Taxation on foreign investors' profits on their investments in Israeli VC funds became a hot issue at the end of 2000, when the sale of Chromatis Networks to Lucent Technologies (NYSE:LU) turned a theoretical debate into a raging discussion. The lack of regulation led to delays in transferring of the money to investors in Jerusalem Venture Partners, the VC fund that invested in Chromatis. The delay damaged investors' profits as the Lucent share plunged. The Chromatis deal had foreign investors fearing double taxation in their own countries, pushing them to freeze an estimated $1 billion in investments in Israel.

About 18 months ago the recommendations of the Ben-Bassat Commission for tax reforms were presented. The commission considered the hi-tech related tax deductions from 50% to 25%, and the reduced 25% tax on options to workers easy to execute.

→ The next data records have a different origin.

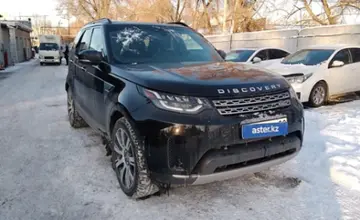 Land Rover Discovery 2018 года за 35 000 000 тг. в Алматы фото 3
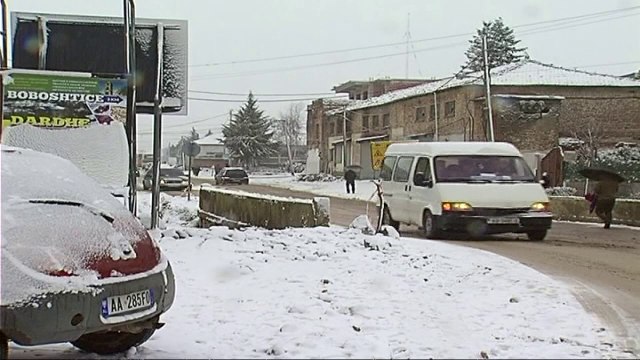 Dëbora përfshin Llogaranë, probleme edhe në Dibër e Korçë - Top Channel Albania - News - Lajme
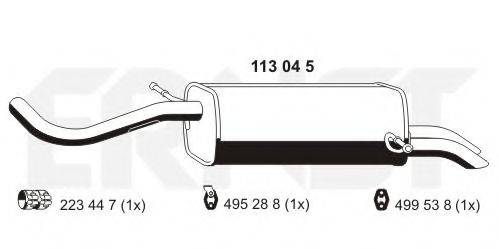 ERNST 113045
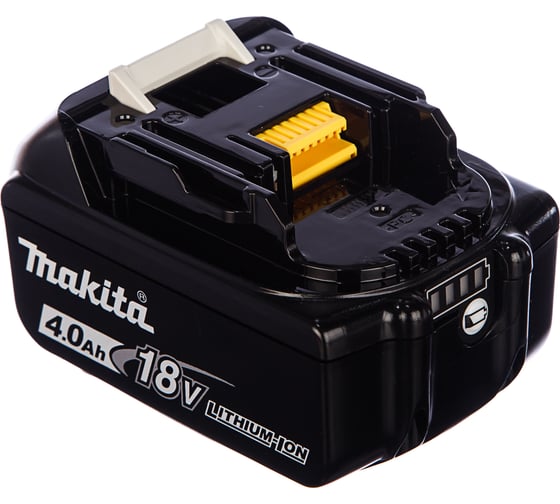 Аккумулятор BL1840B (18В, 4 Ач, Li-Ion) Makita 197265-4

Its recommendations never materialized because of several controversial articles, such as the taxation on stock market taxation.

The hi-tech related issues discussed by the commission were considered those that would prevent Israeli startups hiding abroad. The dismissal of the commission's decisions was one of the factors that led to companies escaping to tax shelters or to the U.S. state of Delaware.

Since then some changes have occurred in the Israeli hi-tech industry. The crisis in the sector and the financing difficulties reduced the rate of escape from the country. A new trend began of companies listed abroad returning to Israel at the time of the crisis. Options to workers, one of the symbols of the boom 1997 to 2000, lost their centrality, and the Income Tax Authority rushed to ease the pain somewhat by reducing the tax from 50% to 42.5%, as a compromise until the bigger reform would be completed.

Sources in the industry said yesterday their hope was the new committee will try to create some sort of a mini-reform in the hi-tech sector, a reform that will lower taxation and make it more suitable for global competition.